Markus Schreiber/AP

Powerful People are Terrible at Making Decisions Together

Traits commonly found in leaders can be obstacles when it comes to collaboration.

Corporate boards, the US Congress, and global gatherings like the just-wrapped World Economic Forum in Davos, Switzerland, are all built on a simple theory of problem solving: Get enough smart and powerful people in a room and they’ll figure it out.

This may be misguided. The very traits that compel people toward leadership roles can be obstacles when it comes to collaboration. The result, according to a new study, is that high-powered individuals working in a group can be less creative and effective than a lower-wattage team.

Researchers from the Haas School of Business at the University of California, Berkeley, undertook an experiment with a group of healthcare executives on a leadership retreat. They broke them into groups, presented them with a list of fictional job candidates, and asked them to recommend one to their CEO. The discussions were recorded and evaluated by independent reviewers.

The higher the concentration of high-ranking executives, the more a group struggled to complete the task. They competed for status, were less focused on the assignment, and tended to share less information with each other. Their collaboration skills had grown rusty with disuse.

“When you’re the top dog in your organization day to day, you’re used to when you say jump, people jump,” lead author Angus Hildreth said. “In a context when you’re surrounded by peers, it’s an uncertain environment.”

Power can be both an obstacle and a motivator when it comes to performance. In the lab, the researchers saw similar patterns among student subjects arbitrarily appointed leaders and followers.

When asked to work on a creative task as a team, groups of students who had been assigned as leaders offered fewer creative solutions than groups of mixed status.

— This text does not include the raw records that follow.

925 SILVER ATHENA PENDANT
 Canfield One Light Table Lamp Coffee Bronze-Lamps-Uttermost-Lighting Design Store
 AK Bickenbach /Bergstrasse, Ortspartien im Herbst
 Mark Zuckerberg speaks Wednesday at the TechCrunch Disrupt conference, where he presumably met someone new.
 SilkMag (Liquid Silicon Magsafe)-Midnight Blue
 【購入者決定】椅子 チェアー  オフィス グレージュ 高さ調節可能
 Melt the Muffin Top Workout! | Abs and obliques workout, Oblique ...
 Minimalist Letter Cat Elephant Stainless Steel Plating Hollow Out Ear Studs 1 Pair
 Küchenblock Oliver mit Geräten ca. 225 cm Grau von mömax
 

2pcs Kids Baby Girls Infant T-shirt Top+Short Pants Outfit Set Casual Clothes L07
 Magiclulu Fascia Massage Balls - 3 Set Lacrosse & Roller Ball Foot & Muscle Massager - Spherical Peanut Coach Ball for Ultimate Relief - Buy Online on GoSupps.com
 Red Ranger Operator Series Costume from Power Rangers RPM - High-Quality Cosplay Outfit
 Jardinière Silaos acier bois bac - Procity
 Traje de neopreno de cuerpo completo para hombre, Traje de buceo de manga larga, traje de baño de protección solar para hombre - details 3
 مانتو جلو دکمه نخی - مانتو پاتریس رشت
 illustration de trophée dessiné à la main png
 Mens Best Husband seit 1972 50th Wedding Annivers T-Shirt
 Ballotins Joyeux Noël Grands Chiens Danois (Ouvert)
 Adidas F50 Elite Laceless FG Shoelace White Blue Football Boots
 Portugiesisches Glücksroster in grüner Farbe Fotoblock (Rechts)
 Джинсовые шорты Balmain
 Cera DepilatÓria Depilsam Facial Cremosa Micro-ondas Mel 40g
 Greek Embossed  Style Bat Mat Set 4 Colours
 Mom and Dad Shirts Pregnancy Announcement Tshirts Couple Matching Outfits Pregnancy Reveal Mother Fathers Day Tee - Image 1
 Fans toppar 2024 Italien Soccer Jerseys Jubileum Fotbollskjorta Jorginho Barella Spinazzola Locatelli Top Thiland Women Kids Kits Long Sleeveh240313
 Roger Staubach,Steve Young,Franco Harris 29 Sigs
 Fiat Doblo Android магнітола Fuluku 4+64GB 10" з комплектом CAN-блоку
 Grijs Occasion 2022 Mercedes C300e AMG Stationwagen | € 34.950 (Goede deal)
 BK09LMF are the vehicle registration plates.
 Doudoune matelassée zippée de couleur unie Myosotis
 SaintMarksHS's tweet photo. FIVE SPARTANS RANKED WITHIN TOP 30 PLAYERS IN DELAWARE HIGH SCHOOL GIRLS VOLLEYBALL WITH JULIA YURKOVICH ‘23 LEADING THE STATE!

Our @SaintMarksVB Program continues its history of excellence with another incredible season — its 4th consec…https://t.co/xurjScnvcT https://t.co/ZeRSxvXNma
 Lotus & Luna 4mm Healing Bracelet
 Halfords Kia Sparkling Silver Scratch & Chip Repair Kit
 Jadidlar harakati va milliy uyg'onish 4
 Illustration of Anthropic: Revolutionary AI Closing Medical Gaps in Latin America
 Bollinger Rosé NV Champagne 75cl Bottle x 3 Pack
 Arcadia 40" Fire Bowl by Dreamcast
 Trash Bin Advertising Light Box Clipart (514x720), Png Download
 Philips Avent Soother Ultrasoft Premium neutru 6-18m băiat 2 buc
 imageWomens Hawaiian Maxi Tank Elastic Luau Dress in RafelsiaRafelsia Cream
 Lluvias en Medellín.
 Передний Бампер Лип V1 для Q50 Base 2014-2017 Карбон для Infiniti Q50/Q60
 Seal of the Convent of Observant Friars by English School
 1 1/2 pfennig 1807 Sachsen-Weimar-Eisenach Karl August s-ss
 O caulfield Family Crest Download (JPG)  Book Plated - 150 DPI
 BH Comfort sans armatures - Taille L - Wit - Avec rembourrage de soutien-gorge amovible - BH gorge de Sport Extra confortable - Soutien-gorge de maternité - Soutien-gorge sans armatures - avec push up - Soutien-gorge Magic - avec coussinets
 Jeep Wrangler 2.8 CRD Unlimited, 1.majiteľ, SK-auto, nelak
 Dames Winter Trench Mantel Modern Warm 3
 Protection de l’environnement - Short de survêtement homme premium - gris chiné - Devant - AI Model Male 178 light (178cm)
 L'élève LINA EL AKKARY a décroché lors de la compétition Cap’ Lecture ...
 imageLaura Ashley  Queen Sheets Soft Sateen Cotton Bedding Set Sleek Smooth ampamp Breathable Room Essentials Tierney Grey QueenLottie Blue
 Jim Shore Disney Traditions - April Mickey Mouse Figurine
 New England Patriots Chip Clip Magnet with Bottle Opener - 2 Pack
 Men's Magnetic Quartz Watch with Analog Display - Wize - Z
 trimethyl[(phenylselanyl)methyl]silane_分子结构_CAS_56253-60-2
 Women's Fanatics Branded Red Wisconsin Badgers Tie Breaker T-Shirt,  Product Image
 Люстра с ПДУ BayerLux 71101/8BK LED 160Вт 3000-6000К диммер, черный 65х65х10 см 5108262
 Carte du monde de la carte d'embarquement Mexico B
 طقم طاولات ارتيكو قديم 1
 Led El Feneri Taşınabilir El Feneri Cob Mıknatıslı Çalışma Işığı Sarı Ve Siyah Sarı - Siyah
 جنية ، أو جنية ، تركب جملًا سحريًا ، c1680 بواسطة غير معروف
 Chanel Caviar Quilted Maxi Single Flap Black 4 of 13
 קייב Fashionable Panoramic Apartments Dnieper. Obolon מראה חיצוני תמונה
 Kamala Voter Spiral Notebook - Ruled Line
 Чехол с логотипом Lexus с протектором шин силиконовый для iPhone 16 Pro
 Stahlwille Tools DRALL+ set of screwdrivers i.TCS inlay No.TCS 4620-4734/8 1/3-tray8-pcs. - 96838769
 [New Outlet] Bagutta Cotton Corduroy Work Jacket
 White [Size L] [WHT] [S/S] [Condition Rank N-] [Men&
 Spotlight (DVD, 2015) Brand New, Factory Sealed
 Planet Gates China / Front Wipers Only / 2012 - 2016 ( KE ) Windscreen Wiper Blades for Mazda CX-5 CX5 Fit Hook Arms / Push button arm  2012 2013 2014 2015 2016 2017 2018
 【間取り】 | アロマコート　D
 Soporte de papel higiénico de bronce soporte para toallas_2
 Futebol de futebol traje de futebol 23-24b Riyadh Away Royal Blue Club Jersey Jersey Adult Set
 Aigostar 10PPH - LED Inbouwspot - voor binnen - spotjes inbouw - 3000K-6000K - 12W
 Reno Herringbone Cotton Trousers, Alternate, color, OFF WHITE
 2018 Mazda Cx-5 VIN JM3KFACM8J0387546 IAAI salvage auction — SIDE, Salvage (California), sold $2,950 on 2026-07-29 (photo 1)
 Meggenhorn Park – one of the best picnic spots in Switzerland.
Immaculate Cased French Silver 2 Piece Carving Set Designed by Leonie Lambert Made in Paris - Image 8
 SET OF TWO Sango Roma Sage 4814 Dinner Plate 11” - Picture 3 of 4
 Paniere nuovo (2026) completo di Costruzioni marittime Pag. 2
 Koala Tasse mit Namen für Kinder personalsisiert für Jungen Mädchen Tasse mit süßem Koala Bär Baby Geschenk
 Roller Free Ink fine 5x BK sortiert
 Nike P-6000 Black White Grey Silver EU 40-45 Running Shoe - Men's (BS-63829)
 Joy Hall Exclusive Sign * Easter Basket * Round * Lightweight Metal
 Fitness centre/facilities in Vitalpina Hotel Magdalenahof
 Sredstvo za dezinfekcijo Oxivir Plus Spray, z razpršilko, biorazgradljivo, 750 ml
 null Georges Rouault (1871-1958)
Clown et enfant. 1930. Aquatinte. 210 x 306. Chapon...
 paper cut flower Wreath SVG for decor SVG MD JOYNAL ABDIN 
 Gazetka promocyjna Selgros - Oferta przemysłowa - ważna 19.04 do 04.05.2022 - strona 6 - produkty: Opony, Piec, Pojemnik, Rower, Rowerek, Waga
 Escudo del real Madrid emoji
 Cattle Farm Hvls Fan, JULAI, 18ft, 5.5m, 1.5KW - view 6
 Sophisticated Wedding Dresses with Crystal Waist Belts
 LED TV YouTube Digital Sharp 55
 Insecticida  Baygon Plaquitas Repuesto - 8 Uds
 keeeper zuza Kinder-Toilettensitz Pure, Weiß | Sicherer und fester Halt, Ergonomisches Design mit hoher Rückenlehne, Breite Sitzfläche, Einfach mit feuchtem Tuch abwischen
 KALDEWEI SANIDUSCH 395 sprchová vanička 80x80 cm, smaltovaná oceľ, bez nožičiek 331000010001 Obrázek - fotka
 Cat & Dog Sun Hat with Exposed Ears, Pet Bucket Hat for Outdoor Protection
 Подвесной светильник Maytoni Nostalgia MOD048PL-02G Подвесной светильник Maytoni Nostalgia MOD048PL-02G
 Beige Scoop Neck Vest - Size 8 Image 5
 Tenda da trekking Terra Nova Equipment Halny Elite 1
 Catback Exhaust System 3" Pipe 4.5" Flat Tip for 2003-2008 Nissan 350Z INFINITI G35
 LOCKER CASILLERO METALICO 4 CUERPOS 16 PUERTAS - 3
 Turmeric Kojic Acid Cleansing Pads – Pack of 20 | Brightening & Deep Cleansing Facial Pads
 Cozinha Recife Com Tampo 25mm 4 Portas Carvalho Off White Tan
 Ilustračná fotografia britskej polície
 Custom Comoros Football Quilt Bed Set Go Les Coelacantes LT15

But when asked to do the task alone, students who had been given higher status at the beginning of the experiment performed better than those who hadn’t.

Given that the “best and brightest minds” approach to problem solving isn’t going away anytime soon, the Haas team is now looking at how to improve high-status group dynamics.

Hildreth has some ideas, based on his experience as a corporate chief of staff. (He managed the day-to-day affairs of top executives at consulting firm PwC, before coming to academia.) One important step, he says, is to provide all-star teams with just the right amount of information—no more, no less.

“You give them not enough [data] and they claim they’ve not enough information to make a decision,” he said. “You give them too much, and they’ll find a way to disagree over it.”